Segmental duplications were more common in the rat (occupying 3% of the genome) than the mouse (1–2%) but less common than in humans (5–6%). As the RGSPC points out, this could be due in part to the different methods and states of completion of the three genome sequences. Analysis of the rat sequence showed evidence for two apparent evolutionary 'bursts', occurring around 5 and 8 million years ago. These may represent active periods of gene duplication within gene families in the rat genome.

Comparative analysis of the three genomes together enhanced the identification of consensus regulatory elements and splice signals and showed that mutation rates differed among mice, rats and humans. Comparative analysis also markedly increased the specificity with which transcription factor binding sites could be identified and, in particular, minimized false positive predictions arising in ancestral repeats. These analyses provide important insights into the biology of the three genomes and the ways in which the species evolved and diversified.

The theme of comparative analysis is elaborated and extended in the April issue of Genome Research, which is dedicated to articles on the biology of the rat genome. Nine articles compare rat, human and mouse sequence at the level of individual genes, chromosomal segments and the whole genome, with other articles on segmental duplication, comparative recombination rates and evolutionary hotspots.

Whither now the rat?

Before the rat genome sequencing project, the rat community had been quietly putting in place a foundation of rat genetics resources that would greatly enhance the utility of the genome sequence. For example, PhysGen, a Program for Genomics Applications funded by the US National Heart, Lung, and Blood Institute, created two panels of consomic strains for genetic dissection of disorders of the heart, kidney, lung and vasculature. This is complemented by the Rat Genome Database, also funded by the US National Heart, Lung, and Blood Institute, which serves as a central repository for rat genetic and genomic data including dense genetic and radiation hybrid maps, over 20,000 genetic markers (now mapped onto the genome sequence), hundreds of mapped quantitative trait loci and virtual tools for comparative genetic analysis. In Europe, the reciprocal HXB/BXH recombinant inbred strains, derived from the Spontaneously Hypertensive and Brown Norway rat strains, are one of the largest of all existing rodent recombinant inbred panels and one of the outstanding resources for genetic analysis of cardiovascular and metabolic phenotypes4,5. It is fortuitous that all of the consomic and recombinant inbred strains share, as one of their founder strains, the Brown Norway rat, from which the genome sequence was generated.

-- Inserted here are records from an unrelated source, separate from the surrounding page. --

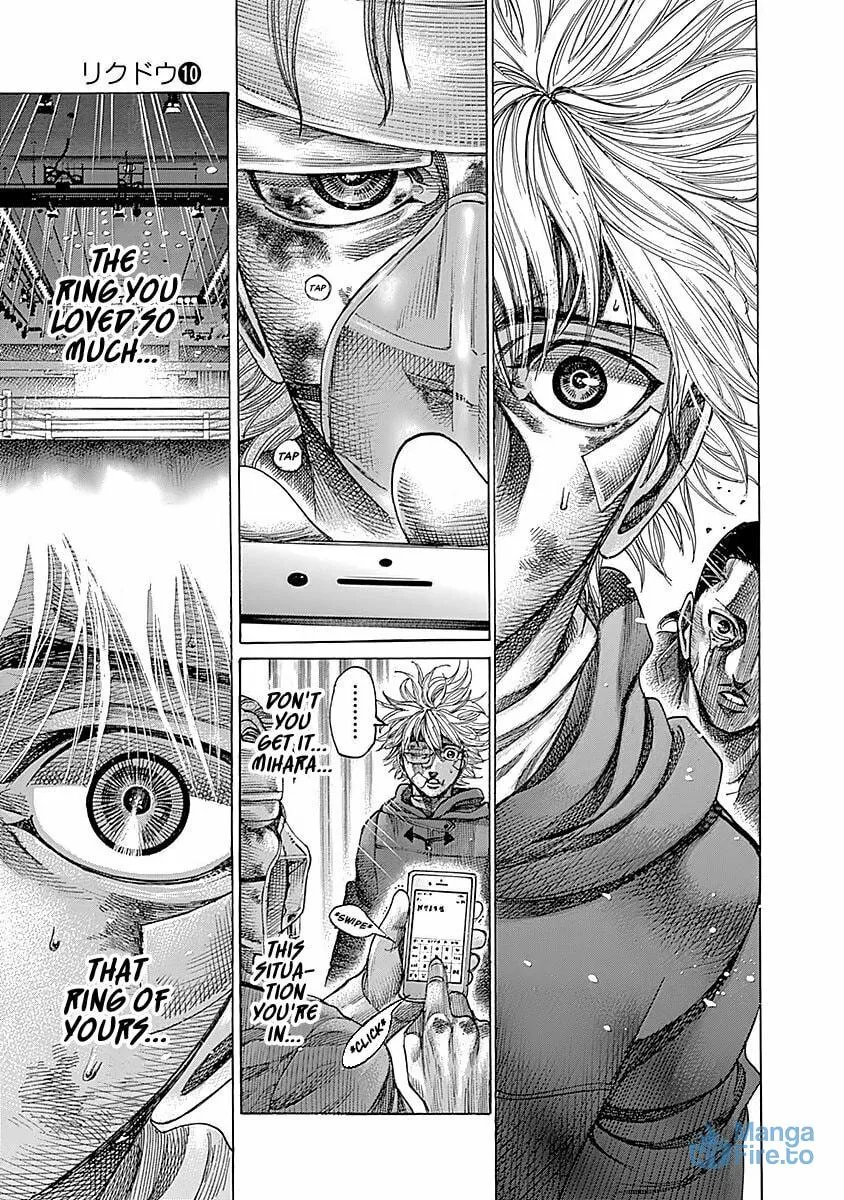 Read Rikudou chapter 94 image 14 on Lezhin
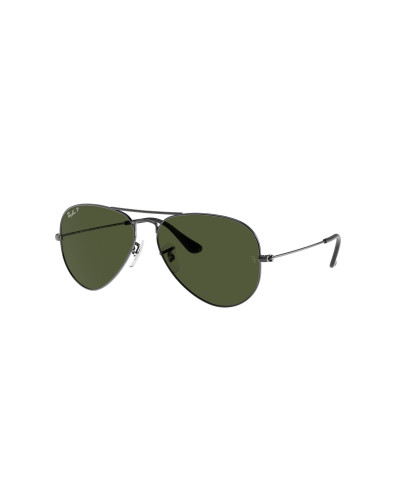 RAY-BAN RB3025 AVIATOR LARGE METAL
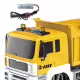Детски строителен камион Crazon със звуци, светлини и дистанционно управление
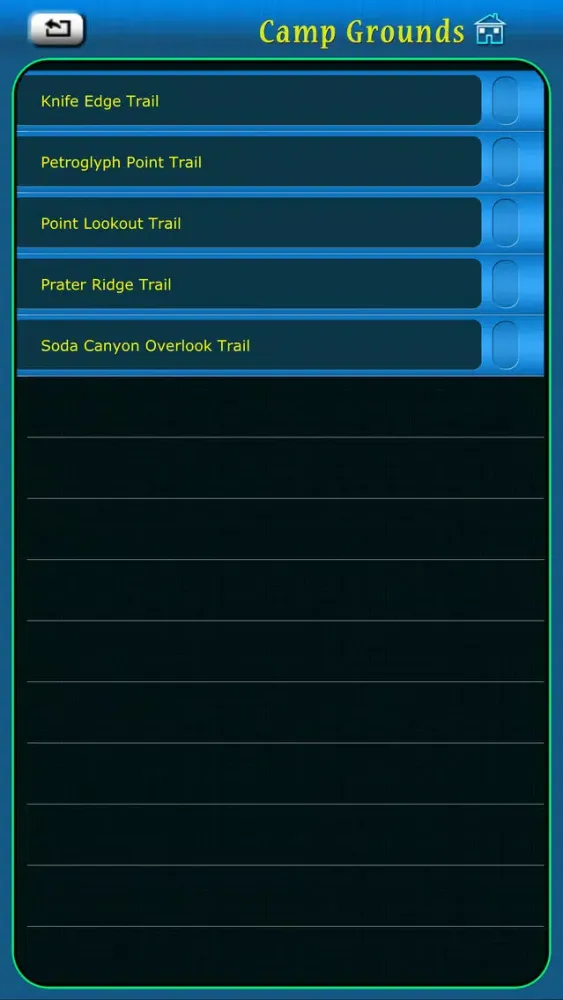 Mesa Verde National Park Screenshots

With these established resources and newly accumulating resources, such as large numbers of cSNPs6, what now is possible for the rat? In the next few years, we expect to see the successful positional cloning of substantial numbers of genes underlying complex rat phenotypes. Rat geneticists have been working to capture large numbers of these quantitative trait loci in congenic strains for many years. The potential for cloning these genes and for translating the results to the study of human disease was recently recognized by the Wellcome Trust in awarding funds for cardiovascular functional genomics to a UK consortium of geneticists working on the genetics of hypertension, insulin resistance and type 2 diabetes in rats and humans.

But what of mechanism? The rat genetics community has long been bereft of the opportunity to test directly the function of rat genes and alleles and, although rat transgenesis and mutagenesis have been available and applied for more than a decade7,8,9, rat geneticists have had to turn to the mouse for knockout studies. Here, too, there is sign of a thaw. With the recent cloning of fertile adult rats using nuclear transfer10 comes the promise of rat knockouts to order, using homologous recombination and the new nuclear transfer protocol.

These are exciting times for rat biologists—the opportunities for translating decades of descriptive rat phenotyping to an understanding of the molecular basis of these phenotypes are now there for the taking.